# Uh oh...........



## paratrooper (Feb 1, 2012)

Thought maybe my laptop crashed this morning. I usually use FireFox and I've been having issues with it the last week or so. 

Today, I get a screen telling me not to turn off my computer and to call a toll-free number for assistance. Thinking it was some kind of a scam, I shut my computer down and then did a restart. 

I'm now using Internet Explorer and need to re-do all my user names / passwords on various forums to gain access. 

I'm assuming that FireFox and Internet Explorer are search engines, for lack of a more appropriate technical term?

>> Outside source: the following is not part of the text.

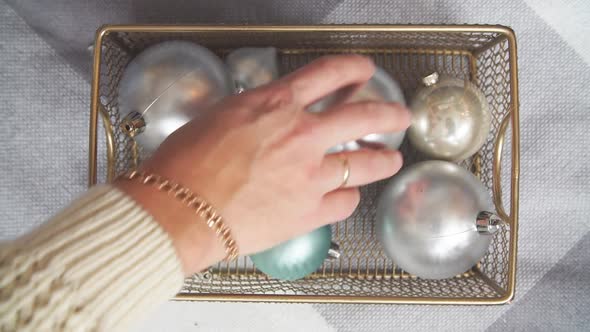 Closeup of Hands of Parents and Children Take Christmas Gifts Out of the Box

Maybe it's called FoxFire, instead of Fire Fox?


----------



## Cait43 (Apr 4, 2013)

The call the toll free number sounds like a scam....... Microsoft will never do that....... 

Firefox and IE are web browsers and you should not have to re-do user names and passwords regardless of which browser you are using.......

Deleting Firefox and reinstalling it may solve your issue...........


----------



## Steve M1911A1 (Feb 6, 2008)

If you know, or if a friend knows, what "cookies" are, and where Firefox keeps them, the offensive attack you are experiencing can be easily dealt with.
It is indeed a scam. Do not phone the given number. Contacting the scammer will only make things worse.
Instead, find all of the non-essential cookies that Firefox is storing, and delete them. The offending attacker's cookie will thereby be destroyed, and the attack will then stop.

The other method is to do what you have done: Switch to a different web browser.
Then delete Firefox, and, maybe, reinstall a new version. (The new installation may just copy all of the old cookies, though, and you'll be back where you started.)


----------



## paratrooper (Feb 1, 2012)

Steve M1911A1 said:


> If you know, or if a friend knows, what "cookies" are, and where Firefox keeps them, the offensive attack you are experiencing can be easily dealt with.
> It is indeed a scam. Do not phone the given number. Contacting the scammer will only make things worse.
> Instead, find all of the non-essential cookies that Firefox is storing, and delete them. The offending attacker's cookie will thereby be destroyed, and the attack will then stop.
> 
> ...


I down-loaded the new updated version of FireFox, and I think I did it correctly, as it seems to be functioning okay for now.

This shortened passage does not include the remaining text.